An educational program for small-business owners in Gilbert has proven so popular, classes are consistently overbooked, organizers say.

Front Runner, a 10-week course offered twice a year in September and January by the Gilbert Chamber of Commerce and the Town of Gilbert, is a course for people with at least two years of experience operating a business.

“It basically walks you through setting up a company from A to Z — putting together a marketing plan, a business plan, putting together your P&Ls (profits and losses) and so forth,” said Constance Lemer, a program graduate and vice president of Employee Benefit Exchange Corp., a health care benefits and human resources management firm.

Registration has already begun for the upcoming class, which runs from Sept. 16 to Nov. 18 at Gilbert Town Hall.

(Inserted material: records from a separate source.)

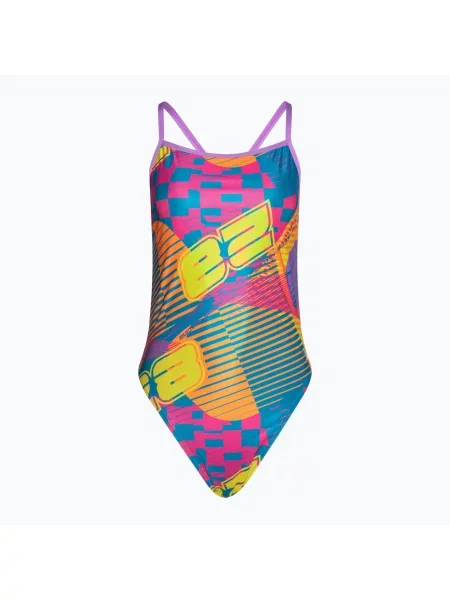 Speedo jednodílné plavky Allover Digital Vback flare pink/bit lime/sweet purple/bolt fialové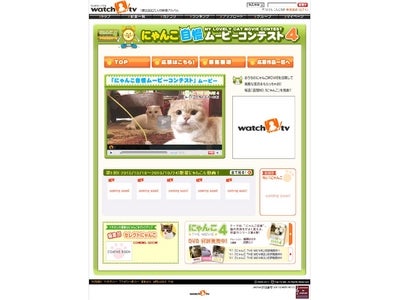 今年も開催！大好評企画 あなたの愛猫の映像を大募集！！  「にゃんこ自慢ムービーコンテスト４」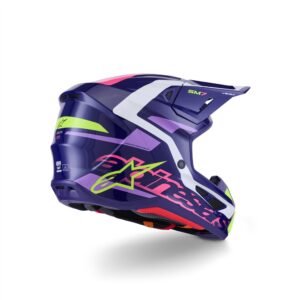Alpinestars S-M7 Deed Motocross Helmet Purple/Pink Gloss - Image 2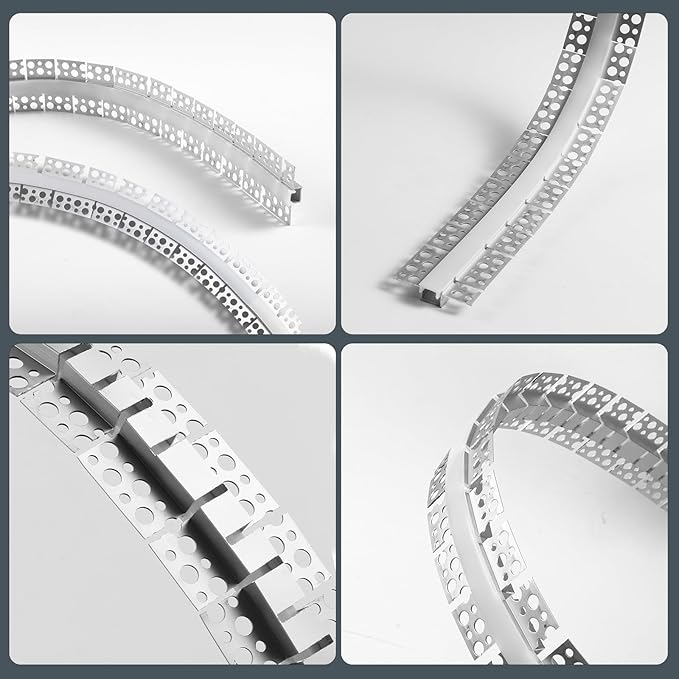 6 Pack Led Diffuser Channel with Milky White Silicone Cover 6.6FT/2M Plaster-in Aluminum Drywall U Shaped Trimless Recessed Track for Strip Light, Flexible Led Profile 45 Degree Bendable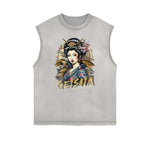 Camiseta sin mangas con gráficos ukiyo japoneses y bordes deshilachados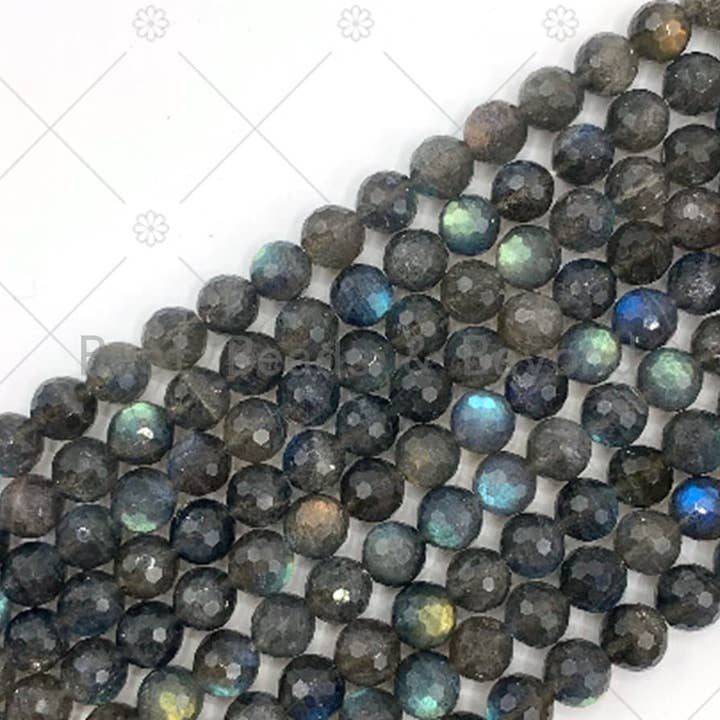 BestBeads&Beyond - Wholesale Beads - Top Quality Genuine Labradorite Round Faceted Beads, 8mm/10mm Natural Labradorite Beads, 15.5'' Full Strand, Sku#U1248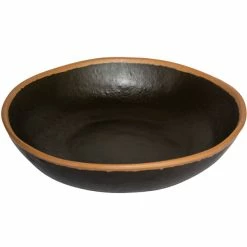 GET Enterprises GET B-310-BR Pottery Market 1.5 Qt. Glazed Brown Melamine Salad Bowl With Clay Trim - 12/Case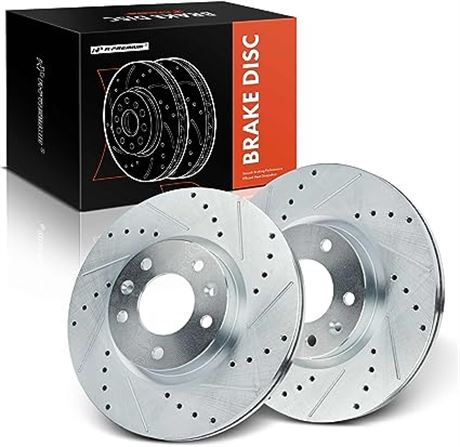 A-Premium 11.77 inch (299mm) Front Drilled and Slotted Disc Brake Rotors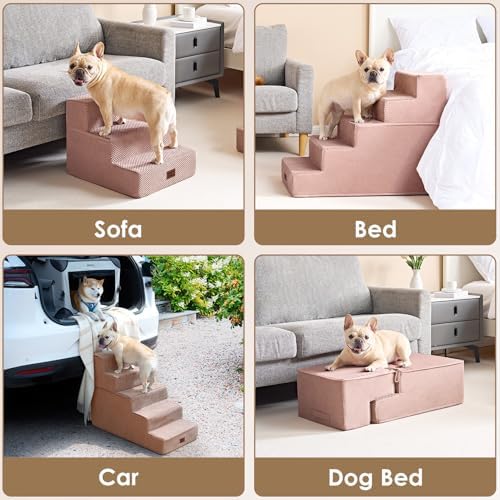 EHEYCIGA Dog Stairs for High Bed 25" H, Extra Wide Dog 5-Step - Image 5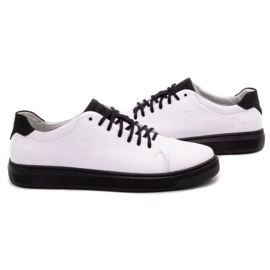 Polbut Chaussures en cuir pour hommes 2109 blanc avec noir 5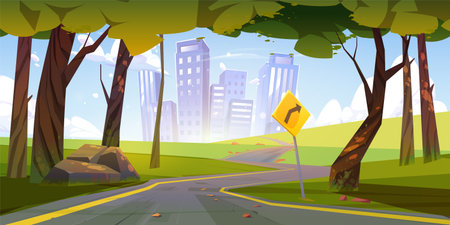 Road to city building cartoon vector game background. Cityscape street sunny landscape scene with sky and skyscraper house view. Highway to modern town through summer nature design illustrationのイラスト素材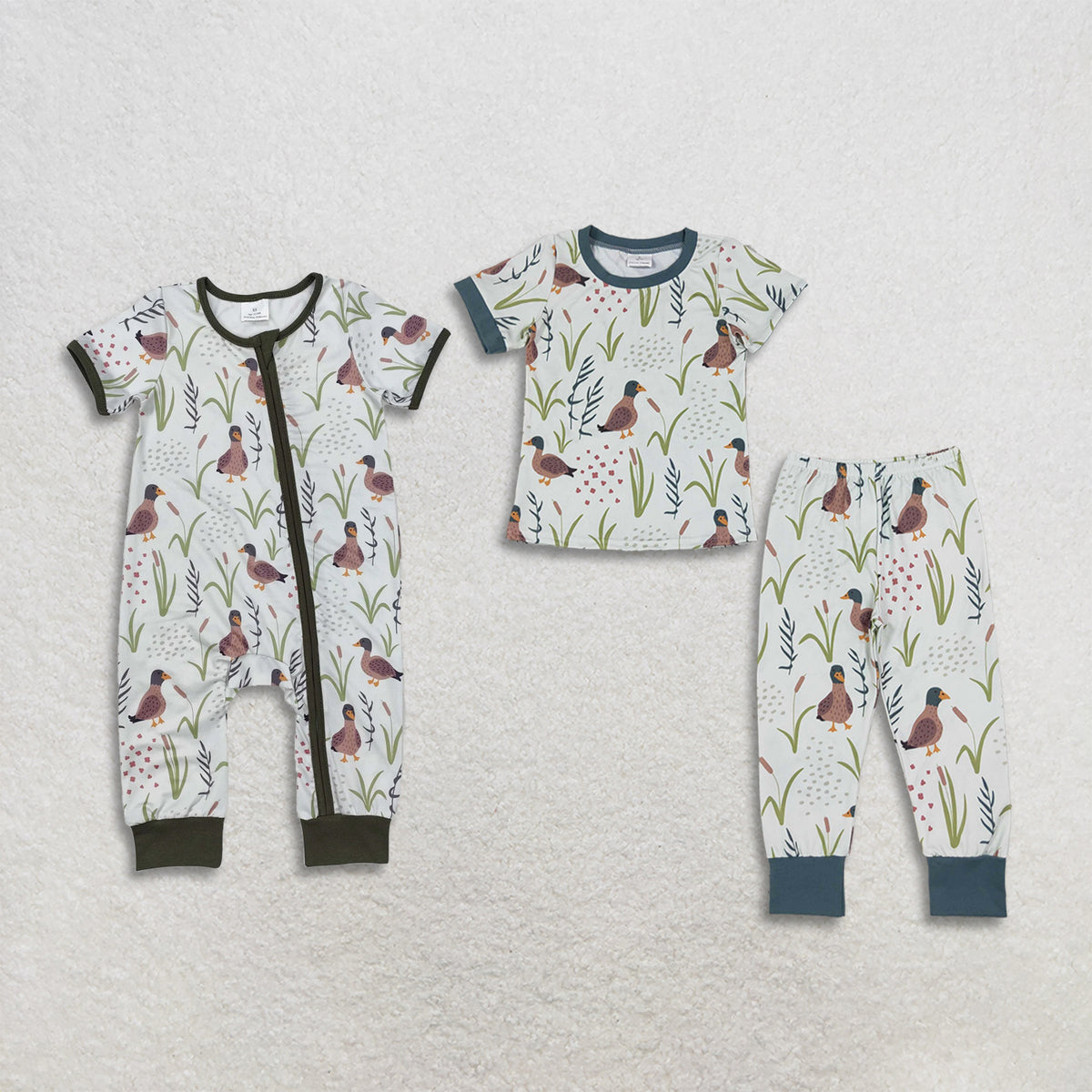 RTS NO MOQ Sibling milk silk Baby Boys Duck Print Bamboo Zipper Romper Kids Short Sleeve Pant Set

The program teaches participants a range of skill and strategies to get a leg up on their competition. Among other things, students learn how to utilize market research and analysis, as well as financial tools like accounting software. Front Runner uses a range of instruction techniques, including speakers from various industries and one-on-one coaching.

This year’s class will emphasize social media marketing and survival tips during the recession.

Lemer said one of the most valuable aspects of the program was the instruction she received on using the Internet.

“Now we have a company Facebook, we have a Twitter (and) we have enhanced our Web site,” she said.

Kathy Langdon, the chamber’s president and CEO, said social media is a highly popular topic for businesses.

“It shows your relationships with other people and by doing that, I think it gives your company credibility,” she said.

“It’s just a new way of marketing yourself and keeping in contact with your customers.”

Langdon said the program, which accommodates 15 to 20 people, is consistently overbooked.

The program uses the FastTrac GrowthVenture Program designed by the Ewing Marion Kauffman Foundation. According to the Missouri-based nonprofit group’s Web site, about 300,000 participants have been through the entrepreneur learning programs.

Langdon said this year’s course is the third in a series of four. It normally costs participants about $1,500 to take the program, but it’s only $150 through the town, thanks to a grant it received. The cost pays for course materials.